**Work task:**
Each line of the material below must be transcribed exactly.

**Listed records:**

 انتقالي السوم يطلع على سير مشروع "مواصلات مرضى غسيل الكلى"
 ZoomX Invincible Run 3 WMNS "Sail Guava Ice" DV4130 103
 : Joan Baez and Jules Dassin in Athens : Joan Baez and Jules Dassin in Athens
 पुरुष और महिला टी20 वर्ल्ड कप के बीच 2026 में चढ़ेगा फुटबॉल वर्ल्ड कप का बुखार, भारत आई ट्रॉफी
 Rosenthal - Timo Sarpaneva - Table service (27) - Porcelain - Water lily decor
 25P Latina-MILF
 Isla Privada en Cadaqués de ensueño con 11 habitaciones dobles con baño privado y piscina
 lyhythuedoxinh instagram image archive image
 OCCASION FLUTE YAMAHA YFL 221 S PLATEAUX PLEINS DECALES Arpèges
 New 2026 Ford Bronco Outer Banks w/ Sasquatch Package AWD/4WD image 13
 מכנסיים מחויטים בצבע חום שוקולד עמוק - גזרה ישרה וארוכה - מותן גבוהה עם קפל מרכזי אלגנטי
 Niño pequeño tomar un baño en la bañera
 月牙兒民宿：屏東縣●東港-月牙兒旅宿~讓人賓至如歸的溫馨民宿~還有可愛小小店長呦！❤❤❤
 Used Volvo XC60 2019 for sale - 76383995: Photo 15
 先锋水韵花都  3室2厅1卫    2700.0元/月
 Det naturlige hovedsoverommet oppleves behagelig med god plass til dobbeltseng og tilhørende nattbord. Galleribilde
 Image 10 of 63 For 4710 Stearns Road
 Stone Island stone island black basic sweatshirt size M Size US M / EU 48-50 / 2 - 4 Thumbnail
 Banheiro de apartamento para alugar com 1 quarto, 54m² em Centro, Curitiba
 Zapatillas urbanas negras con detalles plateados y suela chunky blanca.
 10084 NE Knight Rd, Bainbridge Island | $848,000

**Response for this exercise:**
 انتقالي السوم يطلع على سير مشروع "مواصلات مرضى غسيل الكلى"
 ZoomX Invincible Run 3 WMNS "Sail Guava Ice" DV4130 103
 : Joan Baez and Jules Dassin in Athens : Joan Baez and Jules Dassin in Athens
 पुरुष और महिला टी20 वर्ल्ड कप के बीच 2026 में चढ़ेगा फुटबॉल वर्ल्ड कप का बुखार, भारत आई ट्रॉफी
 Rosenthal - Timo Sarpaneva - Table service (27) - Porcelain - Water lily decor
 25P Latina-MILF
 Isla Privada en Cadaqués de ensueño con 11 habitaciones dobles con baño privado y piscina
 lyhythuedoxinh instagram image archive image
 OCCASION FLUTE YAMAHA YFL 221 S PLATEAUX PLEINS DECALES Arpèges
 New 2026 Ford Bronco Outer Banks w/ Sasquatch Package AWD/4WD image 13
 מכנסיים מחויטים בצבע חום שוקולד עמוק - גזרה ישרה וארוכה - מותן גבוהה עם קפל מרכזי אלגנטי
 Niño pequeño tomar un baño en la bañera
 月牙兒民宿：屏東縣●東港-月牙兒旅宿~讓人賓至如歸的溫馨民宿~還有可愛小小店長呦！❤❤❤
 Used Volvo XC60 2019 for sale - 76383995: Photo 15
 先锋水韵花都  3室2厅1卫    2700.0元/月
 Det naturlige hovedsoverommet oppleves behagelig med god plass til dobbeltseng og tilhørende nattbord. Galleribilde
 Image 10 of 63 For 4710 Stearns Road
 Stone Island stone island black basic sweatshirt size M Size US M / EU 48-50 / 2 - 4 Thumbnail
 Banheiro de apartamento para alugar com 1 quarto, 54m² em Centro, Curitiba
 Zapatillas urbanas negras con detalles plateados y suela chunky blanca.
 10084 NE Knight Rd, Bainbridge Island | $848,000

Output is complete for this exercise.